Well, I returned from the Console-ing Passions Conference at Notre Dame without any hardship, and I had a wonderful time exploring topics that are very much foreign territory for me. I think we, as academics, can learn a ton by attending and participating in events that are outside of our field, even if slightly. Here are my takeaways.

  • There was a lot of good discussion about issues of representation in everything from television to film to video games. Even my own paper focused on indigenous representation as frame of analysis. But during the forum “Back to Black: Race, Gender, and Sexuality in Contemporary Media Industries,” Kristen J. Warner (University of Alabama, @kristenwarner) was reflecting on representations of blackness on TV and asked a question of the audience that has stuck with me: “Does representation even matter?” Do we cede ground in the fight when we accept a plastic or superficial representation just for the sake of diversity, rather than fighting for a nuanced, complex, and dynamic representation of race and gender. When so many arguments revolve around seeing diversity on TV in a visual manner, what happens when these fictional characters lose the texture of their culture, and the only thing authentic about them is literally surface? And is this really okay with us? Throughout the panels, this was a question that kept sneaking its way in to conversations, and one that I’m grappling with presently…
  • Another issue that was raised by presenters like Ron Krabill (University of Washington, Bothell) was regarding participatory media and a notion of radical reciprocity. He investigated the rhetoric of “global citizenship” ever present in college and university mission statements, and how this notion of becoming a global citizen is paired with creating global subjects. We strive to educate and “culture” students, and sending them abroad is a major component to this puzzle, but I do often find that students come back and talk about their own experiences and what they saw, rather than the communities they engaged with and people they met. I wonder why we do not discuss reciprocity in the discipline of art history or visual culture? How can we encourage this deeper kind of collaboration between students of different cultures so it is not just about a singular “experience”? After all, visual culture travels, and there is a lot of untapped potential in comparing different cultural approaches to its creation and analysis.
  • But the last thing that struck me was how much work needs to be done in other cultural contexts. The conference was great in so many ways, but many of the panels (and media studies/TV studies itself) seemed to be very focused on the United States. As the keynote, Aniko Imre (University of Southern California) explained, we often forget that media like television permeated a variety of cultures, including those east of the wall. She discussed soap operas in Eastern Europe (work that comes out of her new book, TV Socialism), and what fascinated me was how certain genres such as the soap opera take on entirely new dimensions when examined in a Czech, Polish, or Hungarian context. In effect, it destabilizes certain reified definitions of genre.
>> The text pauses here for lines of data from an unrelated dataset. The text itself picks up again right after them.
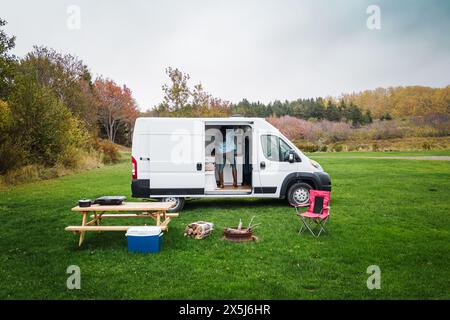 Vie confortable dans un camping-car au milieu des couleurs de l'automne de la Nouvelle-Écosse Banque D'Images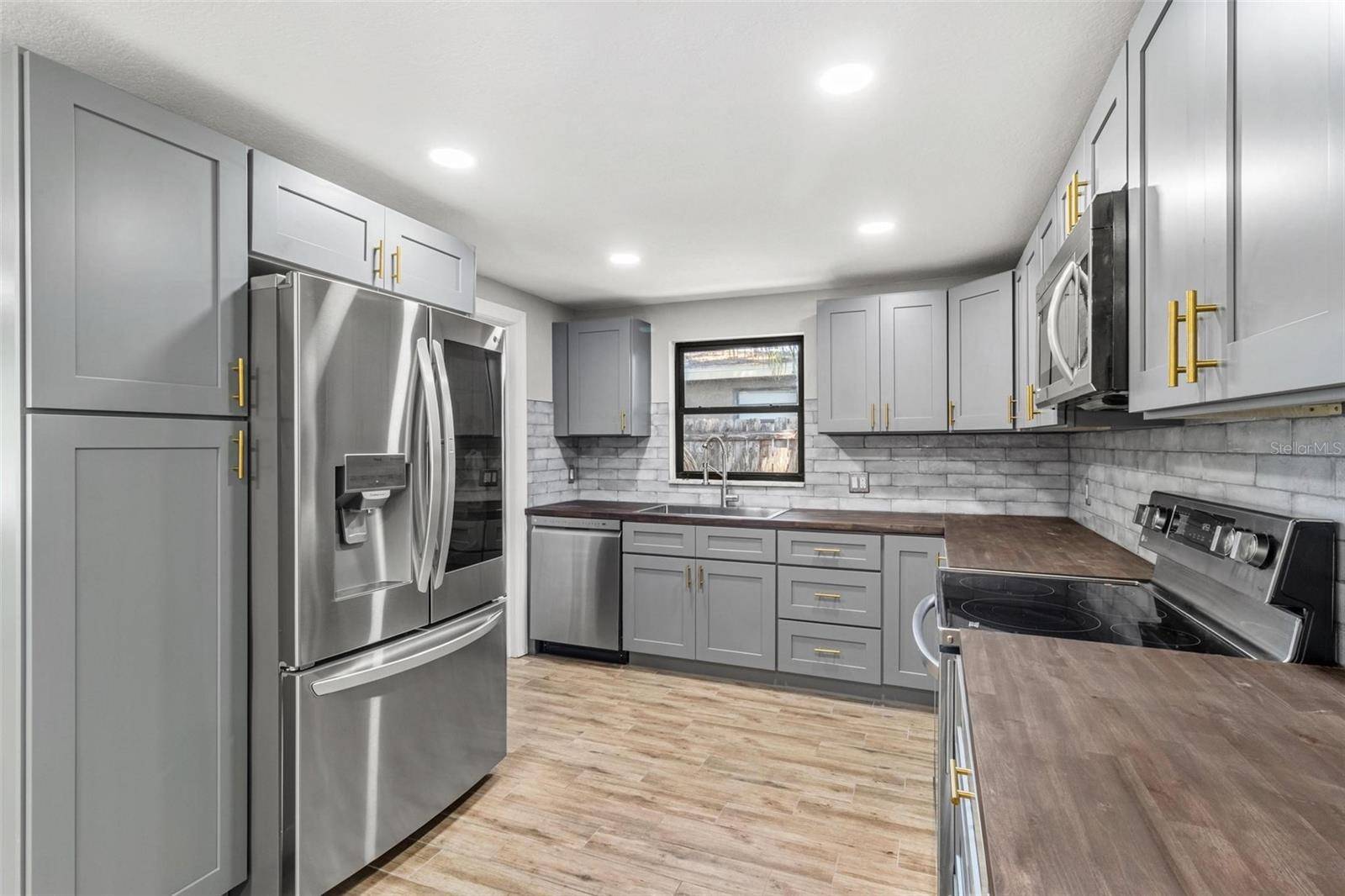 Seminole, FL 33777,8648 78TH PL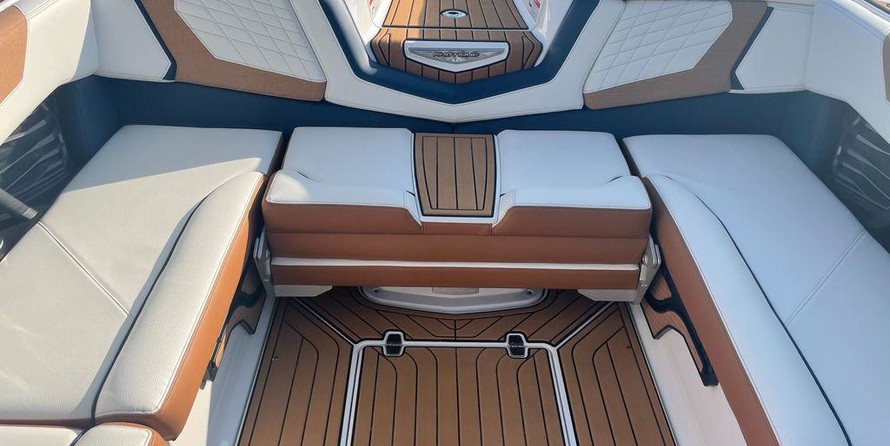 Super Air Nautique G23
Even in my own classroom on Japanese visual culture, my students watch portions of Japanese TV (commercials and all), and they are occasionally surprised at how the experience of watching television can be so radically different from their own. This kind of analysis raises crucial questions regarding how the medium itself communicates across space, and in the case of Imre’s work, challenges our perceptions of how TV under socialism operates.
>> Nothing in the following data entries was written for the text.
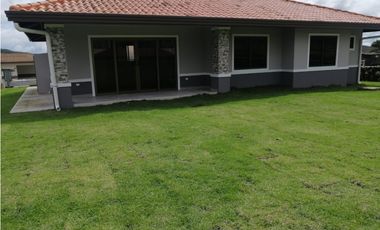 Se Vende Casa Campestre en Alto Boquete, Chiriquí
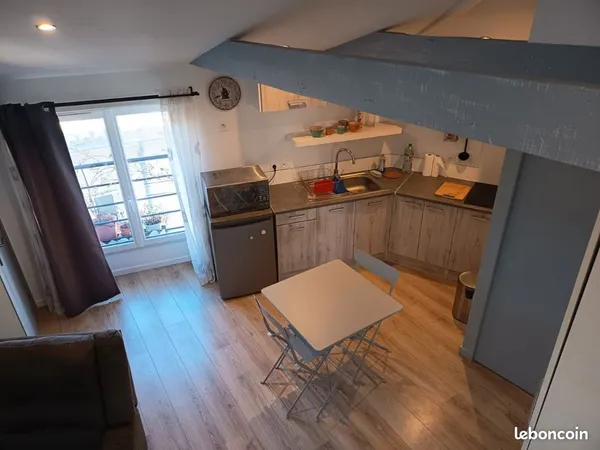 Studio Meublé refait à neuf 2ème étage avec mezzanine 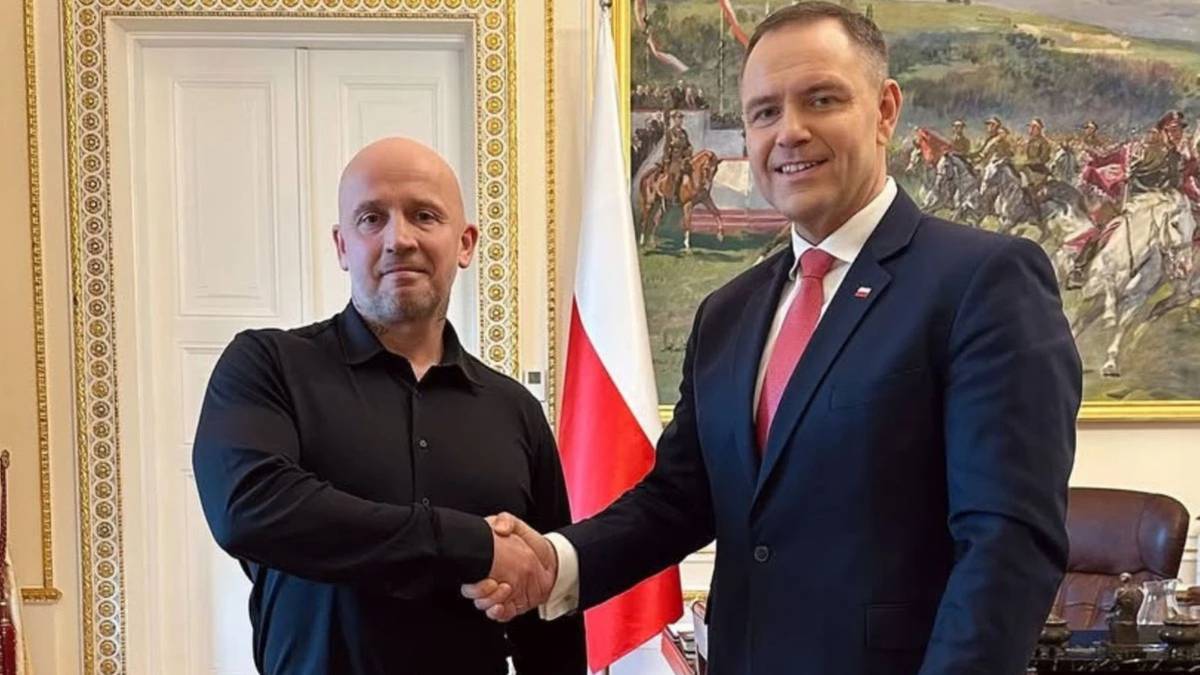 Raper Peja został podjęty przez Karola Nawrockiego w siedzibie Prezydenta. "Podczas rozmowy omawialiśmy zagadnienia niełatwe, a konwersacja upłynęła w atmosferze otwartej i przyjaznej" - oznajmił artysta. Jak podaje, otrzymał zaproszenie w odpowiedzi na pismo wysłane do biura prezydenta. Peja z wizytą w Pałacu Prezydenckim. Zdradził, o czym rozmawiał z Nawrockim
The conference was enlightening for me, and I’m looking forward to engaging more explicitly with scholarship in this vein when I teach visual culture. I’ll be curious to see how different this will be from work that explicitly focuses on Japan at this year’s Mechademia at the Minneapolis College of Art and Design.

 

Ainu and Video Games: Presentation at Console-ing Passions

This paper is a bit of a “break” from my recent research on visual and material culture in the late Meiji period. I will be chairing a panel at Console-ing Passions (International Conference on Television, Video, Audio, New Media and Feminism) on Japanese visual culture, with papers presented by Colleen Laird from Bates College (“Screened and Not Heard: The Transnational Treasure Text of Kikuchi Rinko”), and Sho Ogawa of the University of Kansas (“Internalizing Hybridity: Japan’s Gay Boom and Reconfiguring National Identity”). Our diverse panel will explore the convergence between media and gender studies in and out Japan.

Nakoruru’s stage background in the original Samurai Spirits (1993). Nothing like an Ainu man and woman surrounded by forest friends…
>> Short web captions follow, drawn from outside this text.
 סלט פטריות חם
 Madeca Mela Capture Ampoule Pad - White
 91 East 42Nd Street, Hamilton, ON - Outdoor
The paper I’m presenting is titled “Recasting the Indigenous: Virtual Ainu Ambassadors in Japan’s Samurai Spirits, 1993-2008.” This project has been on the back burner for a little while, but it is fun to get back into contemporary visual culture for a bit. I will be discussing the role of two female Ainu video game characters–Nakoruru and Rimaruru–from the video game Samurai Spirits (Samurai Shodown in the US). As the title hints, I have been trying to think through the role of these characters as cultural ambassadors in 1990s Japan. The topic feels timely with the impending creation of the new Ainu museum in Shiraoi in preparation for the 2020 Tokyo Olympics, where the marketing of Ainu culture will undoubtedly be important for Hokkaido tourism. In addition to investigating their domestic popularity, I’m also looking at the localization of these characters in the US. This is inspired by a class that I just finished teaching, Visual Culture in Modern Japan, where issues of localization kept creeping into our discussions. I’ve been thinking long and hard about the transformation of Ainu/indigenous visual signifiers when transported abroad to a culture with no framework to understand them.

楽しみにしています。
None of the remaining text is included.